***** SOURCE MATERIAL *****
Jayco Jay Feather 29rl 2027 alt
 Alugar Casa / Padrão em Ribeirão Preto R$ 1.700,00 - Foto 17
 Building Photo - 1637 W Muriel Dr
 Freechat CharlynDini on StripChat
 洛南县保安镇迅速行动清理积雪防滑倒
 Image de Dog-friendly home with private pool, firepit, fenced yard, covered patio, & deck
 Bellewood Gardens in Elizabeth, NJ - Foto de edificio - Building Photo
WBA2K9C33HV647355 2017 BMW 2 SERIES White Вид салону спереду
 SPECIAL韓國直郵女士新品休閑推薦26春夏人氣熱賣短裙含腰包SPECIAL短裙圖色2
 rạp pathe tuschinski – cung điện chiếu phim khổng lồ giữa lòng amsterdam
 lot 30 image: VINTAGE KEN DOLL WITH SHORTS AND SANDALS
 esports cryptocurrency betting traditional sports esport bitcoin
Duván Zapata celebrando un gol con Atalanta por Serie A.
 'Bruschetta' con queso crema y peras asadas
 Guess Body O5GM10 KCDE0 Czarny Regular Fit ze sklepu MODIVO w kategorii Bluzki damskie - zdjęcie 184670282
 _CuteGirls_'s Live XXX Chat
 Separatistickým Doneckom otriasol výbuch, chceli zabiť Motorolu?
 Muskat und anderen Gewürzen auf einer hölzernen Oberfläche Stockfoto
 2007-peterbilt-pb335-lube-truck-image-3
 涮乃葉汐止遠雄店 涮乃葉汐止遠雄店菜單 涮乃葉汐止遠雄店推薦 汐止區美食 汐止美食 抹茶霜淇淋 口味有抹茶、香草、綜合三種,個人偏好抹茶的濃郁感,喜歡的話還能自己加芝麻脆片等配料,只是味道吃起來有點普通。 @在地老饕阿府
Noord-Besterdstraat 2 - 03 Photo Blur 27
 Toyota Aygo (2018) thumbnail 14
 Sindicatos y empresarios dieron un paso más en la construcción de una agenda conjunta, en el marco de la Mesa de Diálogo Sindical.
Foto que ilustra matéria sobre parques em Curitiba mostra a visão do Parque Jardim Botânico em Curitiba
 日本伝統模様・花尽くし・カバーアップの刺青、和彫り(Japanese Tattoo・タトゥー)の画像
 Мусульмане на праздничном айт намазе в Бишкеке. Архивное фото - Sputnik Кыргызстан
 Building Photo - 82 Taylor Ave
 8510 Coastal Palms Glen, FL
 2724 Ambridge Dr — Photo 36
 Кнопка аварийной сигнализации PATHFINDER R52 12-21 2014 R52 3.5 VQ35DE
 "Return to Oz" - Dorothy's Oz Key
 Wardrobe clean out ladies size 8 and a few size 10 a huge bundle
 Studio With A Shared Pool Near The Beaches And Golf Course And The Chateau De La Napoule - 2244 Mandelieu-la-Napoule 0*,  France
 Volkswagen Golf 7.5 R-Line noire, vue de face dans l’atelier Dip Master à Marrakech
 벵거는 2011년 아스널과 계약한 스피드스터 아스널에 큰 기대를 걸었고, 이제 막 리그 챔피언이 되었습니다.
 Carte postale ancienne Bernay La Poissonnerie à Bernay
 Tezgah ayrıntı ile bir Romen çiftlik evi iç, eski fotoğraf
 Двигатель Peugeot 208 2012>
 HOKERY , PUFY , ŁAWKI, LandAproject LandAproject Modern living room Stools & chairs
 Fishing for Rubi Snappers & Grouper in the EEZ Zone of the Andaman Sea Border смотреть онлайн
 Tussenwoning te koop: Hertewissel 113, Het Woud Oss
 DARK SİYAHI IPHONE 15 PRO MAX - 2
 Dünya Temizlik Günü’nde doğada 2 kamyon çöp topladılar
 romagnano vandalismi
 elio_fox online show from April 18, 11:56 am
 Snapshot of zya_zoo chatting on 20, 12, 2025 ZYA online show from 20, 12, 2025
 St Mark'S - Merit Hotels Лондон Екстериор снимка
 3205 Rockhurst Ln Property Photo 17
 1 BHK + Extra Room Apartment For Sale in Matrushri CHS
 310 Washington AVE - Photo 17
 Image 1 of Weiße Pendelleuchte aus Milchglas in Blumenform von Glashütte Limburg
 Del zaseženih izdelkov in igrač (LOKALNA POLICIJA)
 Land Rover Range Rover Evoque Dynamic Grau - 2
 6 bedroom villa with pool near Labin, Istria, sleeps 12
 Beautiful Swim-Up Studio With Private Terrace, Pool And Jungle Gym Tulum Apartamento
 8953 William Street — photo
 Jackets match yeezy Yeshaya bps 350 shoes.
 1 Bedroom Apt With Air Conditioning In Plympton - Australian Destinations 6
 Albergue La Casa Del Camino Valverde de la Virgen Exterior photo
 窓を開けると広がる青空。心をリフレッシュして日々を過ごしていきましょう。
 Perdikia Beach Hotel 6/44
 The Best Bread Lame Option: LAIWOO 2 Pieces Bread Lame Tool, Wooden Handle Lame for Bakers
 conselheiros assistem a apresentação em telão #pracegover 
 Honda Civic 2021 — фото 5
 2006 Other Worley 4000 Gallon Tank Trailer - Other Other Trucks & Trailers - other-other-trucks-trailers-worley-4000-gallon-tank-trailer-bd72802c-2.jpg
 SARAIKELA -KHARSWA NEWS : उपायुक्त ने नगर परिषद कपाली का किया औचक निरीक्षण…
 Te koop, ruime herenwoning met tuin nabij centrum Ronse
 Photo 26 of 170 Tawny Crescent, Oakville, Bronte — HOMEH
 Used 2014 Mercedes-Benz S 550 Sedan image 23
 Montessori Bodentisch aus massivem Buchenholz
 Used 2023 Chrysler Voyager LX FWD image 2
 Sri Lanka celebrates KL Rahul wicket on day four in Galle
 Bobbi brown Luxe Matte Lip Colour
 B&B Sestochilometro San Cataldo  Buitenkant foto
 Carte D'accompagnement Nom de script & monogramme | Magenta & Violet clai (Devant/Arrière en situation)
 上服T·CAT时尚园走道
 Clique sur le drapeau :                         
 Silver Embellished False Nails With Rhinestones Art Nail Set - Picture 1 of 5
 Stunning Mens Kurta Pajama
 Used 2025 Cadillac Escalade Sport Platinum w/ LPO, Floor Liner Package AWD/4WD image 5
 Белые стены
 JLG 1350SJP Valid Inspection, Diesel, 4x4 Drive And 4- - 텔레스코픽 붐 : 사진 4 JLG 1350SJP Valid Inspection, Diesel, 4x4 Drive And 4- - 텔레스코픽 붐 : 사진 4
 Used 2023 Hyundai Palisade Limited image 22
*****
* [PROBLEM DETAILS]
One line above contains "Carte D'accompagnement Nom". Output that line and each one after it, word for word, and nothing else.

* [RESULT OF THIS EXERCISE]
 Carte D'accompagnement Nom de script & monogramme | Magenta & Violet clai (Devant/Arrière en situation)
 上服T·CAT时尚园走道
 Clique sur le drapeau :                         
 Silver Embellished False Nails With Rhinestones Art Nail Set - Picture 1 of 5
 Stunning Mens Kurta Pajama
 Used 2025 Cadillac Escalade Sport Platinum w/ LPO, Floor Liner Package AWD/4WD image 5
 Белые стены
 JLG 1350SJP Valid Inspection, Diesel, 4x4 Drive And 4- - 텔레스코픽 붐 : 사진 4 JLG 1350SJP Valid Inspection, Diesel, 4x4 Drive And 4- - 텔레스코픽 붐 : 사진 4
 Used 2023 Hyundai Palisade Limited image 22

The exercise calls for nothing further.